Issue 11: | January 2022 |
Flash Fiction: | 504 words |
Sara’s dog lay with her legs in a triangle, vertex aimed at Tom. Snout aloft, She-Wolf took in the aromas of last night’s stew, overgrown basil from the window planter, Tom’s ripe socks.
Tom shifted uncomfortably on the sway-backed couch. “I can’t do this anymore,” he said, chewing at the angry-red cuticles of his pinky fingers.
Sara lowered her book and blinked at him over her glasses, mind spinning like a flywheel. His moving in during the pandemic year had put them both on edge. Too little space, too much togetherness. But all in all, Sara thought they were muddling along reasonably well.
“Do what? What this?”
“It’s your dog.”
She-Wolf’s nimble nose twitched right, left, left, right.
“She-Wolf? What’d she do now? Pee on your pepper patch?”
The dog curled her tongue in a yawn, shimmied her legs forward into an even more acute angle. The sun skewed in through the window, casting half of Tom’s face in shadow, a tragicomedy mask of emotion.
“It’s so obvious she hates me. How do you not see it?”
“That’s ridiculous, Tom. Example?”
“Like every time I play a sour note on the keyboard, I swear to God she winces.” He nibbled at the skin of his middle finger now.
Sara narrowed her eyes at the thought of Tom playing the same three Ragtime pieces over and over, never very well, and of how She-Wolf’s pointy ears would flatten whenever she heard the squeak of car brakes or squawk of a blue jay outside the window.
“OK. What else?”
“I get no respect! She pulls away and groans when I try and pet her, hides my stuff where I can’t find it, turns her tail to me and farts when I tell her to stop yapping.”
Sara snorted. While it was true that she was usually the one She-Wolf snuggled up to on the loveseat, and followed her around like a canine twin, Tom mostly seemed to take it in good humor, throwing the occasional remark about being a guest in the “lady lair” as he’d nicknamed the apartment.

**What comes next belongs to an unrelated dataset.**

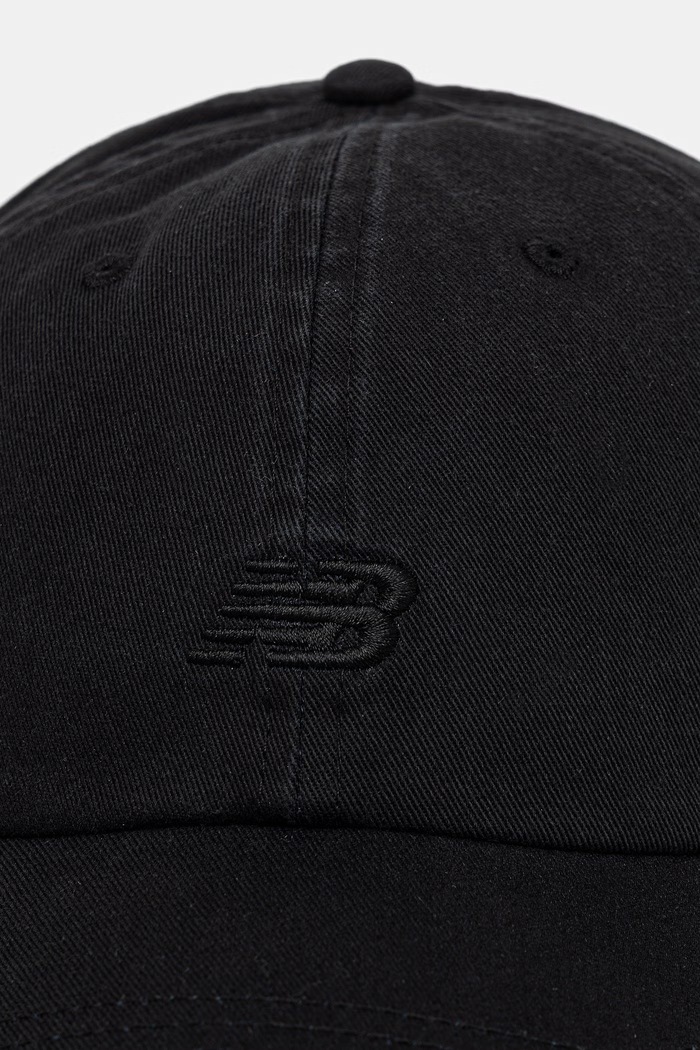 New Balance Baseball kapa moška bombažna LAH51004BKK črna SS26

“Well, y’know,” she said, “Shibas are super smart and willful, in addition to mad cute.”
“Yeah—and alpha to the max. Always busting my balls.” His laugh had a jagged edge to it.
“A good thing,” Sara quipped, her words muted by the jackhammering and car horns out on the street.
“What?”
“It’s a good thing. Being alpha.”
“Not when we argue and she curls her lip over her gum and it sticks there like a southern sheriff pulling his shirt up over his holster.”
“Mmmm. Mm-hmmm. Tom?”
Tom didn’t answer, just glowered at her, not even chewing. Sara set her book down, pushed her glasses up onto her head. It seemed so clear now, what had been half-hidden in the rhythms and routines of their life together, so clear what was right in front of her all the time, but she hadn’t wanted to see.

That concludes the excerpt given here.